Every line from the one holding "this 350×262 image." through the last line of the records must be retyped exactly, and no other line or picture may appear in the copy.

(Image-backed grounding data)
● ● ● ● ●

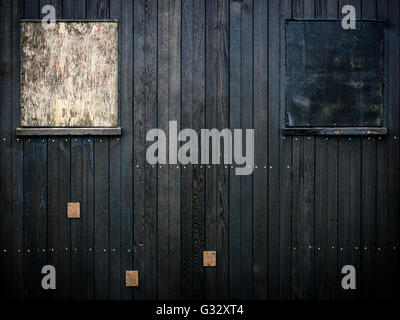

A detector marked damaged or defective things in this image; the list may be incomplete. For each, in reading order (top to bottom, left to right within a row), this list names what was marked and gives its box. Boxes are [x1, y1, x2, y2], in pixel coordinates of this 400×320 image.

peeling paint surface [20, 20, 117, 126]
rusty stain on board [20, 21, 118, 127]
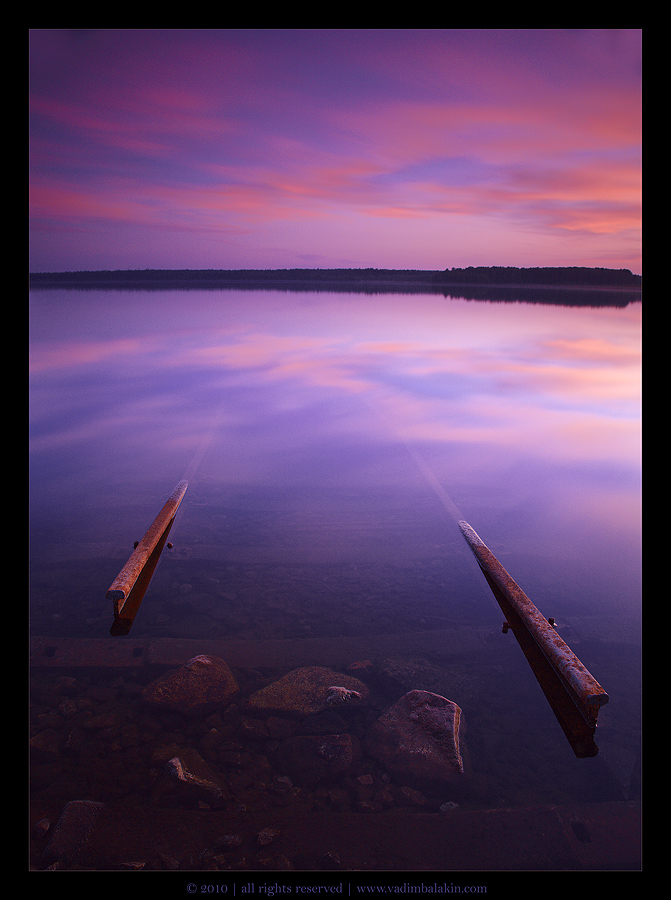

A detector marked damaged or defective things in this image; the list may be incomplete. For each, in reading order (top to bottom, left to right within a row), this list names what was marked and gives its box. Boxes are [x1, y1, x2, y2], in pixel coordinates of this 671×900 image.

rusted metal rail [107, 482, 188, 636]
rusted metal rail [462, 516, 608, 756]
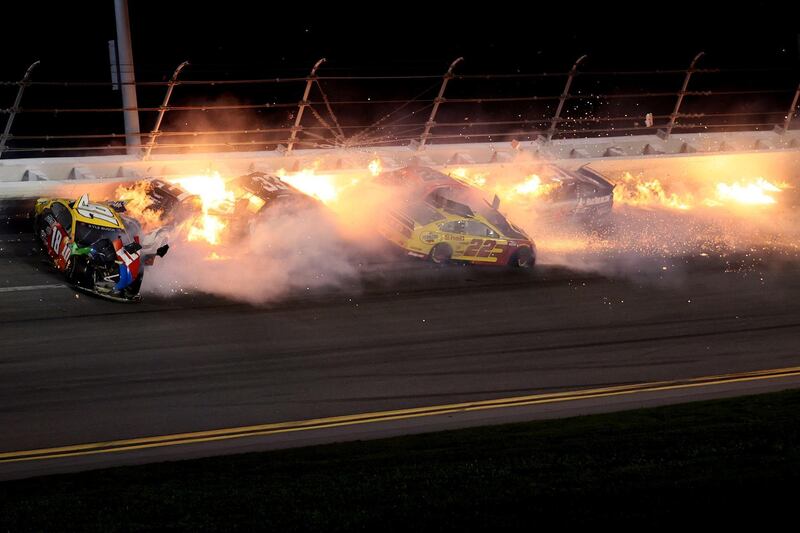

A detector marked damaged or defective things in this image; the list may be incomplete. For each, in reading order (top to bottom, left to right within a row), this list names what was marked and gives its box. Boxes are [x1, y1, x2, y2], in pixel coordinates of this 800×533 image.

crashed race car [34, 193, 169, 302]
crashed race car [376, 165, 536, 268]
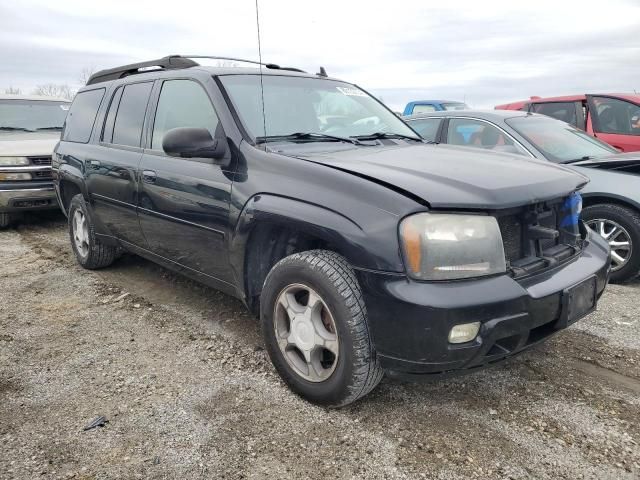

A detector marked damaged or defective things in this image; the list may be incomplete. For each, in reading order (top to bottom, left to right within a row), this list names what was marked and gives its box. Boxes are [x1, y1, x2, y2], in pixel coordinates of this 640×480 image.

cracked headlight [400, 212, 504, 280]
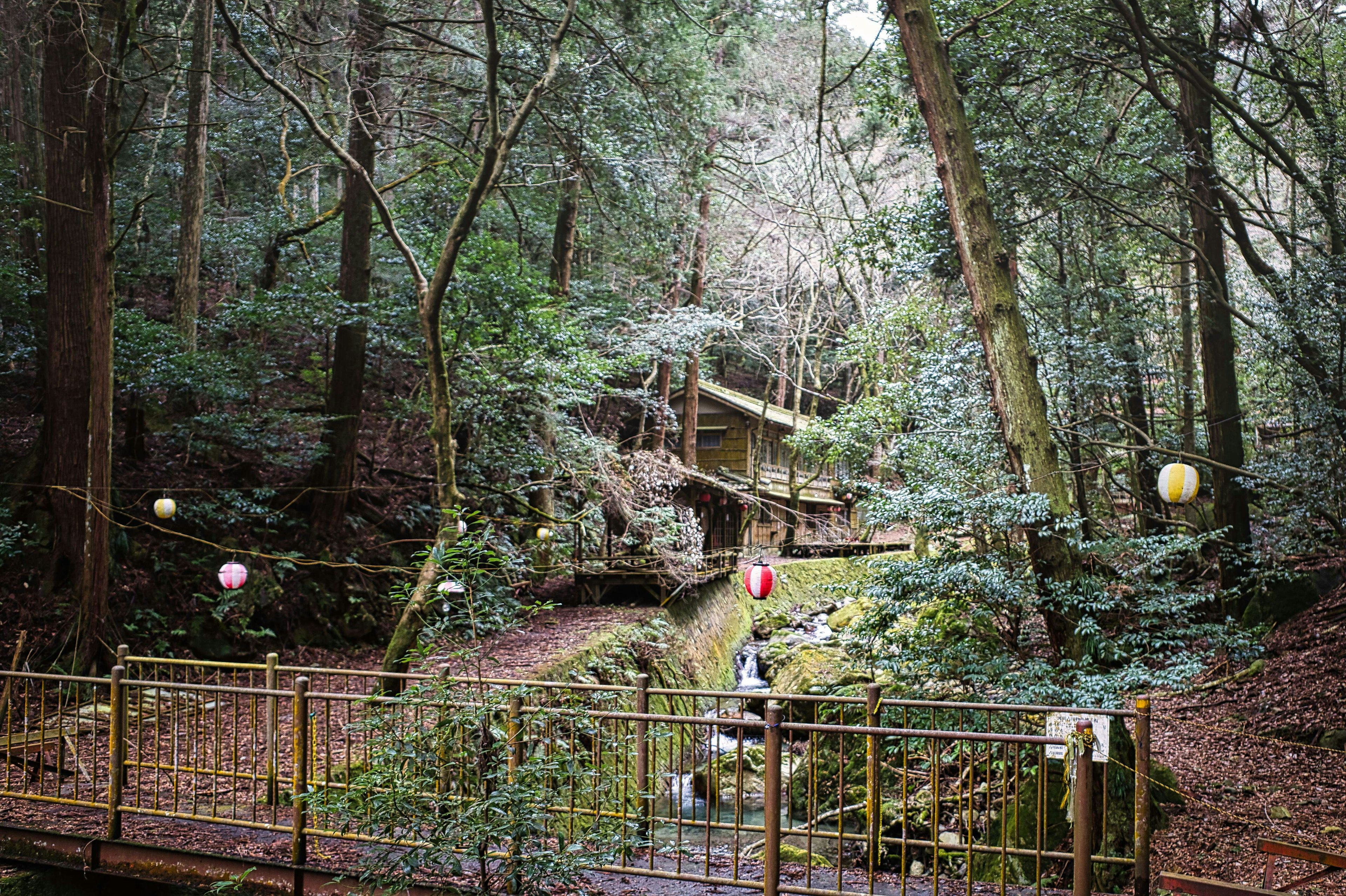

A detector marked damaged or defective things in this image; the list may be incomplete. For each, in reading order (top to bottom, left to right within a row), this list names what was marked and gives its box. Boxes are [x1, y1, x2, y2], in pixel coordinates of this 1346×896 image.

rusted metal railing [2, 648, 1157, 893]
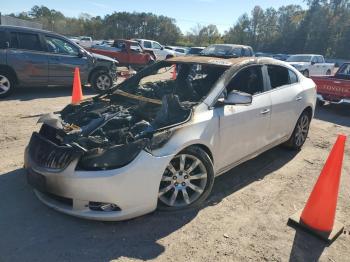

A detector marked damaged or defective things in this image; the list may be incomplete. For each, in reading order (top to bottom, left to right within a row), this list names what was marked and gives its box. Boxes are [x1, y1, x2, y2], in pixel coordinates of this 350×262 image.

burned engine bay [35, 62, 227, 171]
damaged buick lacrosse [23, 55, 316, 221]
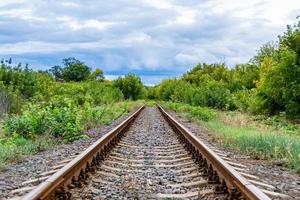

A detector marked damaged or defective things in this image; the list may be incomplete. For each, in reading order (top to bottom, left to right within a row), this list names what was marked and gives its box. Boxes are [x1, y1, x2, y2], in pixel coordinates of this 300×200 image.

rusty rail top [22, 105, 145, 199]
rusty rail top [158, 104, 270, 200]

● ● ● ● ●

■ **Reply**:
A detector marked damaged or defective things in this image; the list may be incomplete. For each, in reading order (top to bottom, left to right within a row), this list names what was marked and gives its box. Boxes are [x1, y1, x2, y2], in pixel coordinates of this 350×262 image.

burned engine bay [35, 62, 227, 171]
damaged buick lacrosse [23, 55, 316, 221]

A detector marked damaged or defective things in this image; the list may be incomplete. For each, in reading order (top to bottom, left to right within a row), this list names what was marked and gives its box. Boxes are [x1, y1, x2, y2], in pixel coordinates of this 300×200 image.

rusty rail top [22, 105, 145, 199]
rusty rail top [158, 104, 270, 200]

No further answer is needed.